# Proper Cleaning of Spinning Reels



## csnaspuck (Apr 2, 2013)

Besides rinsing after trips and adding some grease every now and then, what is the proper way to do a full cleaning. I have not fished in over 6 months and when the new skiff gets here I want everything to be in tip top shape. A buddy of mine used to create a hot water bath with a little dawn and then let them soak for a few hours. After they dry then add some grease to all the moving parts. 

What is your method?


----------



## J-Dad (Aug 30, 2015)

For a full cleaning/maintenance I'd suggest you disassemble the reels to completely remove the old lubricant and get the new stuff into the right spots. You'll find instructional videos on YouTube - believe Shimano has a good one. Good luck.


----------



## yobata (Jul 14, 2015)

Disassembly is the way to go. Clean up all the old grease/grime; gears get grease, bearings get lube. As you disassemble, keep track of the order of parts... 

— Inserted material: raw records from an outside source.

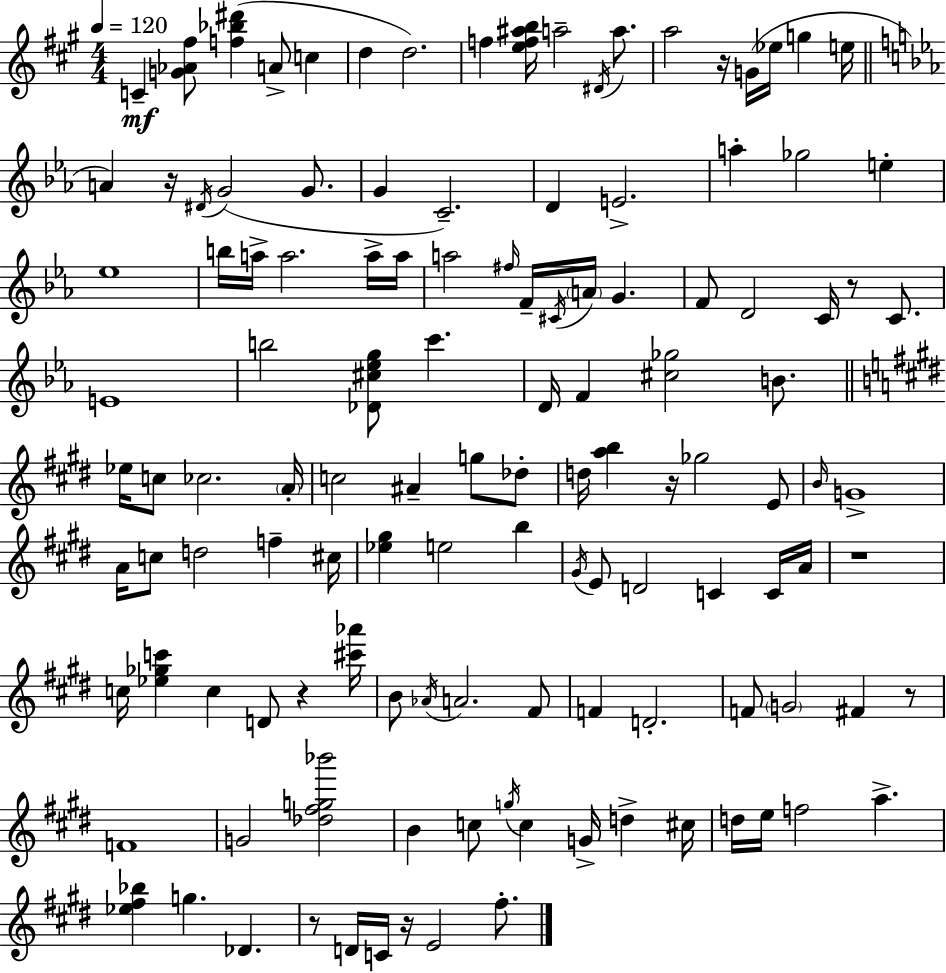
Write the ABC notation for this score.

X:1
T:Untitled
M:4/4
L:1/4
K:A
C [G_A^f]/2 [f_b^d'] A/2 c d d2 f [ef^ab]/4 a2 ^D/4 a/2 a2 z/4 G/4 _e/4 g e/4 A z/4 ^D/4 G2 G/2 G C2 D E2 a _g2 e _e4 b/4 a/4 a2 a/4 a/4 a2 ^f/4 F/4 ^C/4 A/4 G F/2 D2 C/4 z/2 C/2 E4 b2 [_D^c_eg]/2 c' D/4 F [^c_g]2 B/2 _e/4 c/2 _c2 A/4 c2 ^A g/2 _d/2 d/4 [ab] z/4 _g2 E/2 B/4 G4 A/4 c/2 d2 f ^c/4 [_e^g] e2 b ^G/4 E/2 D2 C C/4 A/4 z4 c/4 [_e_gc'] c D/2 z [^c'_a']/4 B/2 _A/4 A2 ^F/2 F D2 F/2 G2 ^F z/2 F4 G2 [_d^fg_b']2 B c/2 g/4 c G/4 d ^c/4 d/4 e/4 f2 a [_e^f_b] g _D z/2 D/4 C/4 z/4 E2 ^f/2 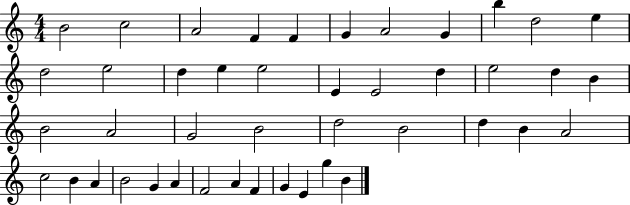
B4/h C5/h A4/h F4/q F4/q G4/q A4/h G4/q B5/q D5/h E5/q D5/h E5/h D5/q E5/q E5/h E4/q E4/h D5/q E5/h D5/q B4/q B4/h A4/h G4/h B4/h D5/h B4/h D5/q B4/q A4/h C5/h B4/q A4/q B4/h G4/q A4/q F4/h A4/q F4/q G4/q E4/q G5/q B4/q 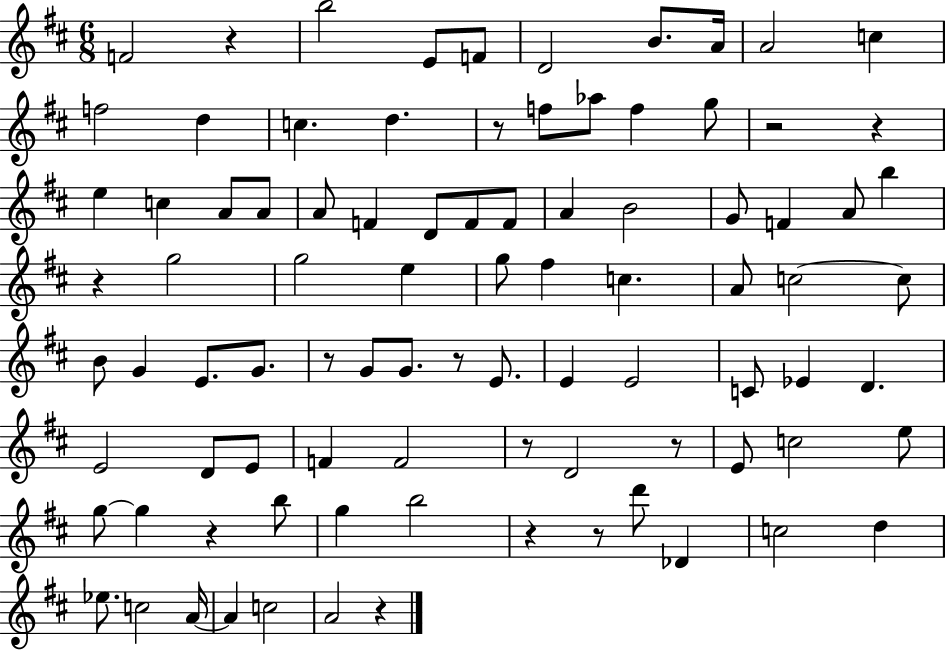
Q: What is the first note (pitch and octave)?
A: F4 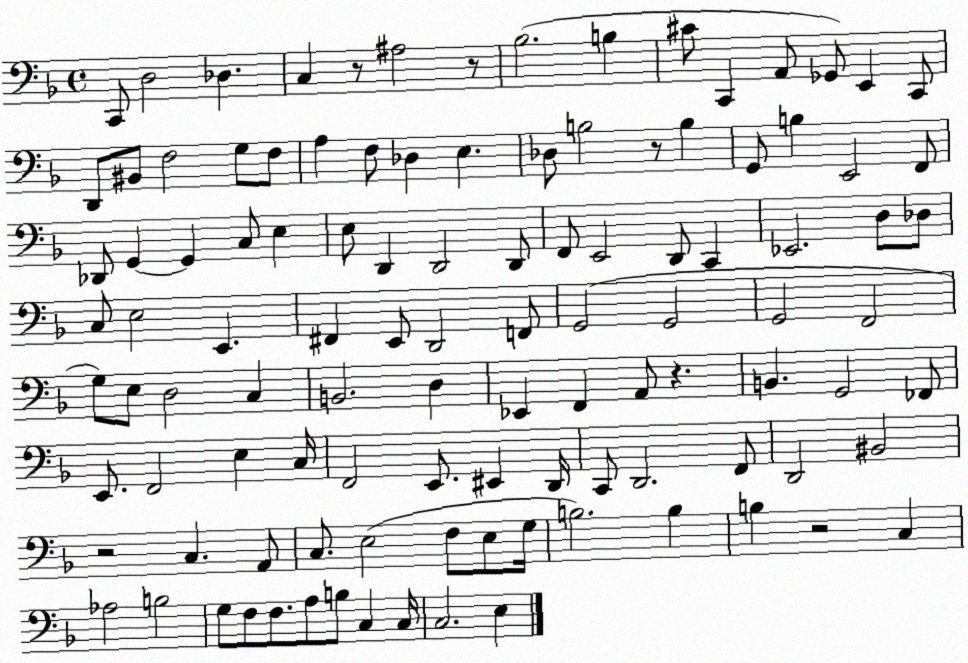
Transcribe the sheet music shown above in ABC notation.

X:1
T:Untitled
M:4/4
L:1/4
K:F
C,,/2 D,2 _D, C, z/2 ^A,2 z/2 _B,2 B, ^C/2 C,, A,,/2 _G,,/2 E,, C,,/2 D,,/2 ^B,,/2 F,2 G,/2 F,/2 A, F,/2 _D, E, _D,/2 B,2 z/2 B, G,,/2 B, E,,2 F,,/2 _D,,/2 G,, G,, C,/2 E, E,/2 D,, D,,2 D,,/2 F,,/2 E,,2 D,,/2 C,, _E,,2 D,/2 _D,/2 C,/2 E,2 E,, ^F,, E,,/2 D,,2 F,,/2 G,,2 G,,2 G,,2 F,,2 G,/2 E,/2 D,2 C, B,,2 D, _E,, F,, A,,/2 z B,, G,,2 _F,,/2 E,,/2 F,,2 E, C,/4 F,,2 E,,/2 ^E,, D,,/4 C,,/2 D,,2 F,,/2 D,,2 ^B,,2 z2 C, A,,/2 C,/2 E,2 F,/2 E,/2 G,/4 B,2 B, B, z2 C, _A,2 B,2 G,/2 F,/2 F,/2 A,/2 B,/2 C, C,/4 C,2 E,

I got a Penn kit that has both gear grease and lube, works well!


----------



## Megalops (Oct 23, 2011)

Great topic! Okay very curious how others even rinse their spin gear. My close fishing buddy takes care of his tackle beyond OCD level. He lives by cinching down the drag cap all the way and then barely flicks some water on his reels. I just rinse away, I used to cinch the drags but have lost fish because I forgot to uncinch. Another neighbor used to soak in warm soapy water.... Not sure I'm gonna ever do a complete disassembly deal.


----------



## csnaspuck (Apr 2, 2013)

Yeah there is a lot of debate online. Like types of solvent and oils and greases. I watched 2 youtube video where one guys says he conditions the out side of the reals with WD40 then another video says do not use WD40 any where on your reels.

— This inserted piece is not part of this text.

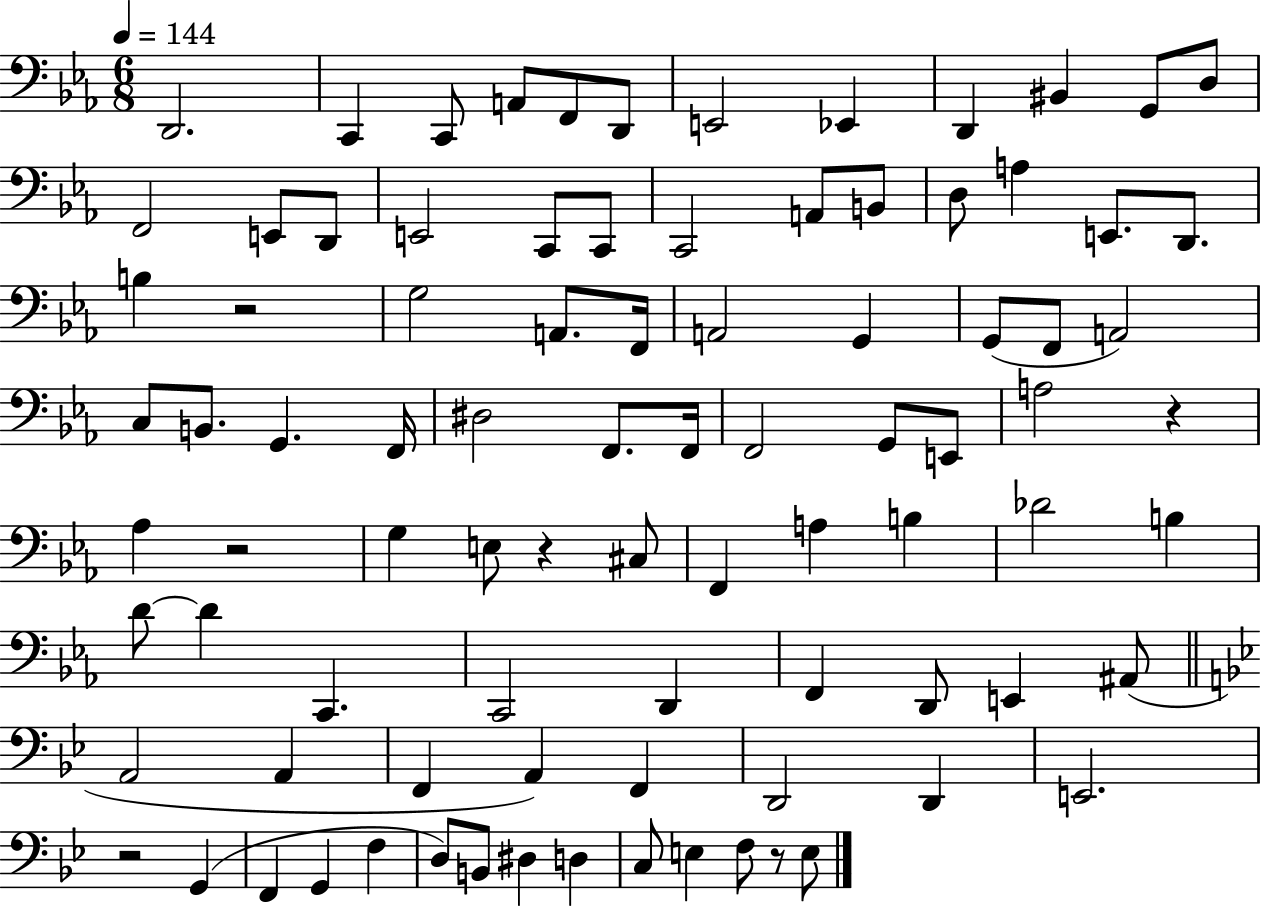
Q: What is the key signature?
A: EES major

I think I will start with a rinse with water then dissemble. Clean out out grease with some warm soapy water and toothbrush then apply reel grease to the inside of the gears and then condition the outside only with a cloth with a little WD40 on it.


----------



## WhiteDog70810 (May 6, 2008)

Spinning reels are simple creatures. Don't be scared to dig into one. You just pull off a side plate and can then get to anything you have any business getting to. Drag disassembly intimidates me, so I leave that to a pro who does it everyday.

I use WD40 to flush old grease and grime out of gears, but it is too light for much else IMO. It also can damage some plastic coatings (it makes the polyurethane on shiny gun stocks peel) and you have to be careful to keep any lube out of the drag. I use the same lubes I used for guns on reels: RemOil and moly-based choke grease. I can barely get to my big projects anymore, much less the little ones, so I let the guy at the local shop service and reline my reels now.

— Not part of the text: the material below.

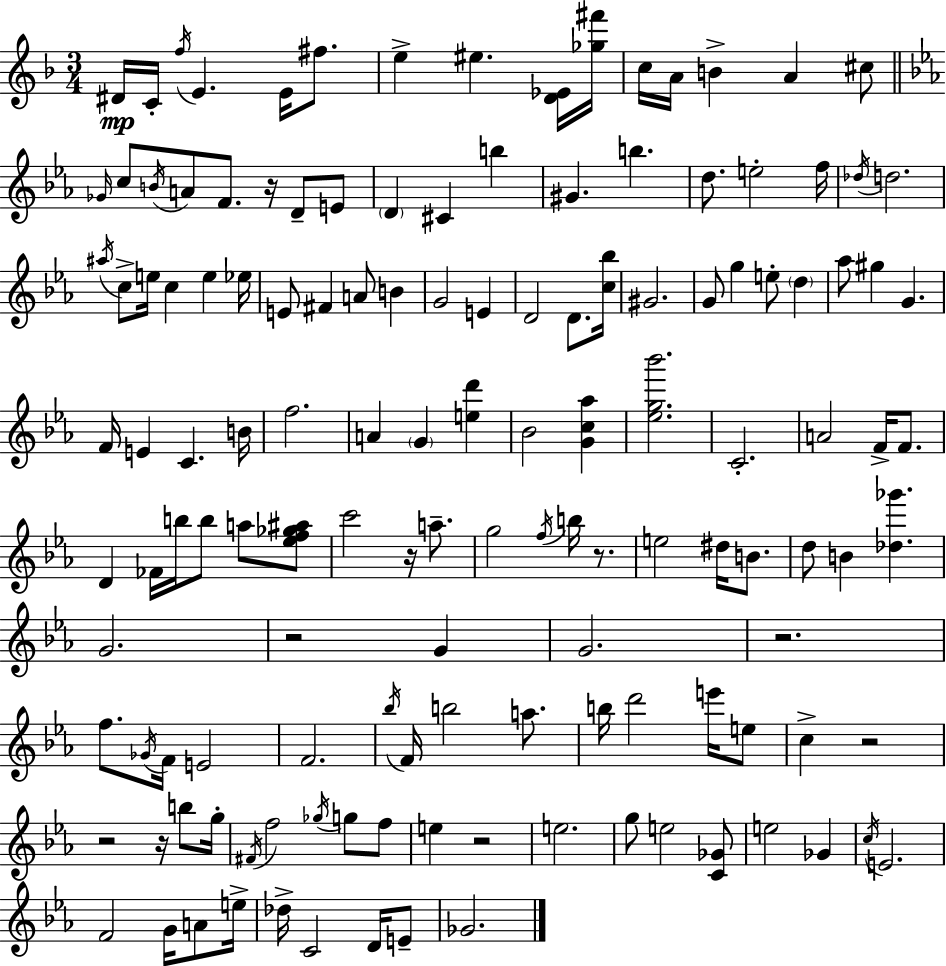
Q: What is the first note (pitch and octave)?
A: D#4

I just hose off my reels most of the time. If I think they got really salty, I'll dunk them in a bucket and let them soak a few minutes. The internals of quality reels always look cleaner than you expect when you open them up. I loosen drags prior to storage, but I never worry about the drag during rinse down. I guess if you had a cork drag it might be something to worry about, but do any modern spinning reels have cork drags?

Nate


----------



## topnative2 (Feb 22, 2009)

spray down w/ water and quick spray of WD40 on the real body and roller bearing ..wipe off...all I have ever done


----------



## jupiter934 (Jan 6, 2013)

Almost all my reels are Shimano I rinse them with fresh water and put them away. If one gets a sticky drag or seems to get stiff I send it to Shimano with the $25 fee for clean and lube. Of the 5 I have sent back they have just sent a brand new reel back 4 times. The 5 time they said the reel was out of production and would upgrade me for a small fee to newwer version. (I just took the older reel back and cleaned it) The only downside is the turnaround time can be a few weeks.


----------



## jupiter934 (Jan 6, 2013)

http://fish.shimano.com/content/sac...File/file.res/Reel Repair Request Form US.pdf

Hope this link works


----------



## fjmaverick (Sep 18, 2015)

I have a firehose nozzle that I use to clean the boat. I always lay out my rods and wash them with a wide spray pattern. I pay extra attention to the rod guides when I clean them. The reels get the same dose of water from every angle.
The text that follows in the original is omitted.